Without going into too many details, the core dilemma is: will the ARP request get flooded, and will we get multiple ARP replies. As always, the correct answer is “it depends” 🤷♂️
MLAG with Active-Active FHRP
Let’s start with a pair of leaf switches in an MLAG pair. You might configure anycast gateway on them (using, for example, Arista’s Virtual ARP) or use an active/active implementation of first-hop redundancy protocol like HSRP or VRRP.
The scenario seems simple enough: the ARP request (broadcast) is sent over a single link in the LAG group, and whichever router gets the request will reply to it. For example, A sends the ARP request for gateway IP address to S2, and S2 replies to it. Mission accomplished.
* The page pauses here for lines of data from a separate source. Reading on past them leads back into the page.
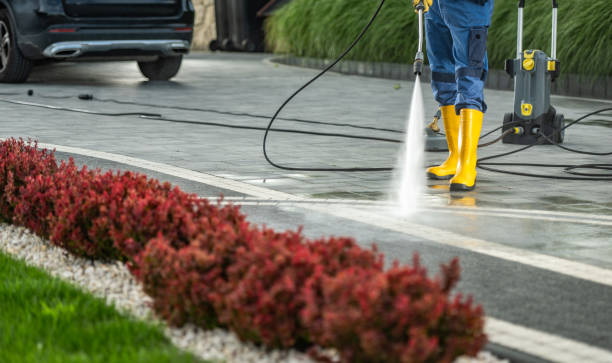 Best Playground Equipment Cleaning  in North Tustin, CA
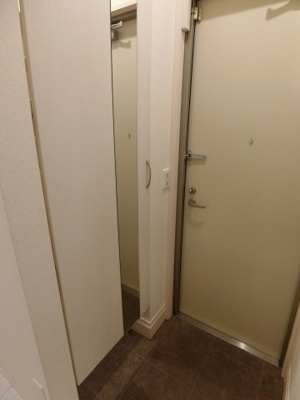 【玄関】 | ヴィア・ラッテア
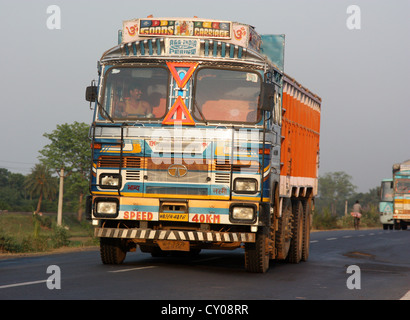 Tata indiennes 3118C heavy truck parcourir l'autoroute Bengali au coucher du soleil Banque D'Images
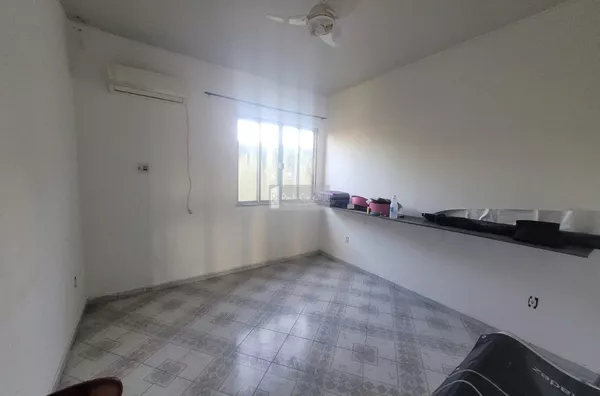 VENDO CASA Independente 3 Qtos, 1 Suíte 240m² área construida- Pavuna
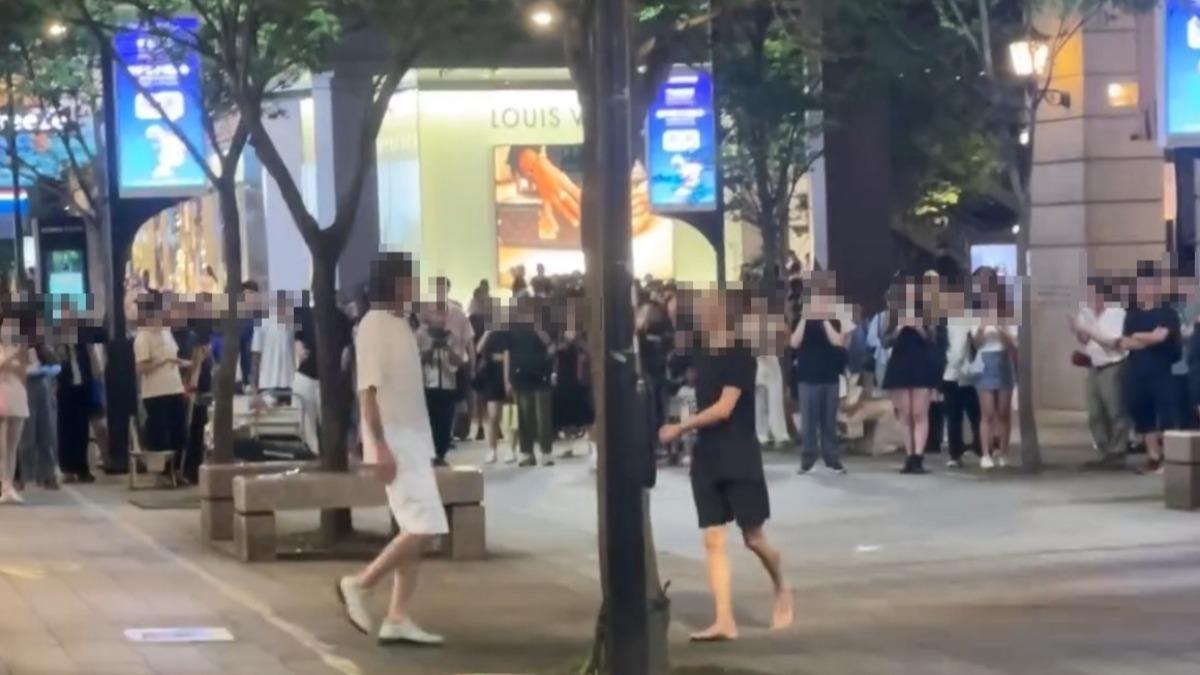 唱歌太吵!信義區2男「蛇行走位」出拳對峙 民眾:以為街頭藝人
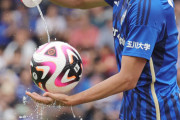サッカー「ボールに水かけるなんて許せない！人間性を疑う！」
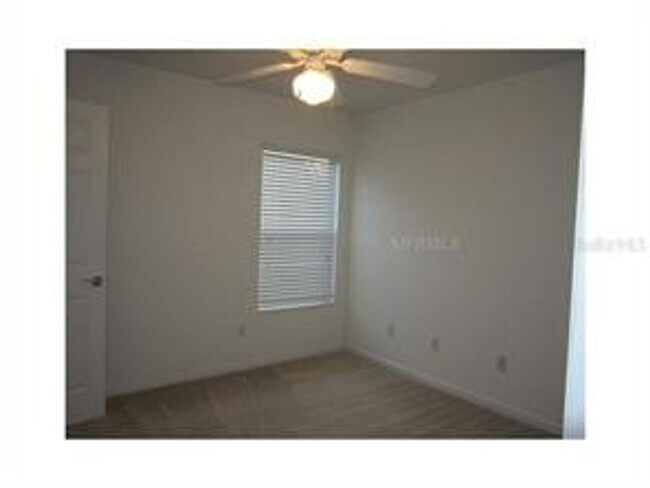 Building Photo - Regency Oaks 3BR/2.5BA Townhouse for Lease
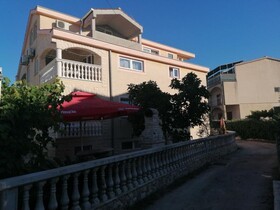 Apartments Budi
Reality is more complex than that. All broadcasts have to be propagated over the MLAG peer link because they might have to be sent to orphan nodes connected to the other switch in the MLAG pair. For example, A might have sent an ARP request for X to S2, and S2 must propagate it over the peer link to S1 so that it eventually reaches X.
The ARP request for the shared IP address is thus always delivered to the second switch over the peer link. Whether the second switch replies with a second ARP reply or trust that the switch receiving the original ARP request did its job is an implementation detail.
Finally, if you configured a VLAN stretched across more than two leaf switches, the behavior depends on whether your devices bridge if they can and route if they must or route if they can and bridge if they must.
VXLAN/EVPN with Proxy ARP
VXLAN/EVPN with Proxy ARP on leaf switches is the cleanest scenario. Most data center switches configured with proxy ARP behave in route if you can mode, intercept all ARP requests, and reply to them on behalf of other hosts attached to the same segment (thus proxy ARP) based on the information received in EVPN updates.
Most other stretched VLAN implementations (including traditional bridging, TRILL/SPB, some VXLAN designs) behave in route if you must mode, so you’d expect the ARP requests to be flooded to everyone, and potentially answered by multiple anycast gateways1.
An interested reader might be tempted to ask the question along the lines of “but can’t we filter the ARP request for the anycast gateway and not flood it?”, and she would be perfectly right. Unfortunately, most TCAMs cannot look that far into an ARP request2, which brings us into a totally unpredictable3 territory:
- An implementation might decide it’s preferable that the end hosts deal with duplicate ARP replies, floods ARP in hardware, and delivers them to multiple anycast gateways.
- A smarter implementation might decide it makes sense to deliver all ARP requests to the CPU first (because a copy of the ARP request will be delivered to the CPU anyway), and then make a smart decision whether to reply to the request, proxy it, or flood it further.
As with so many things in networking, we’re in the “it depends on the implementation details” territory, and this is what I got so far:
- ARPs get delivered to the CPU on Arista EOS if you configure EVPN and SVI (source: Dmytro Shypovalov).
Please leave a comment if you’re familiar with related behavior on other platforms.
Finally, a huge THANK YOU to Dmytro – he was kind enough to help me figure out some of the details described in this blog post.
According to Dmytro Shypovalov, Arista’s Virtual ARP sends out gratuitous ARPs every 30 seconds anyway, so the impact of multiple ARP replies shouldn’t matter – once a host learns the virtual gateway MAC address, GARPs will ensure that address stays in the host ARP cache. Please note that the Virtual ARP feature is not the same thing as Anycast EVPN Gateway. Arista EOS does not send GARPs from EVPN anycast gateways. ↩︎
Not to mention the ND morass, in particular when Fernando Gont comes along and throws a few extension headers around just for fun. ↩︎
… without doing an actual lab test ↩︎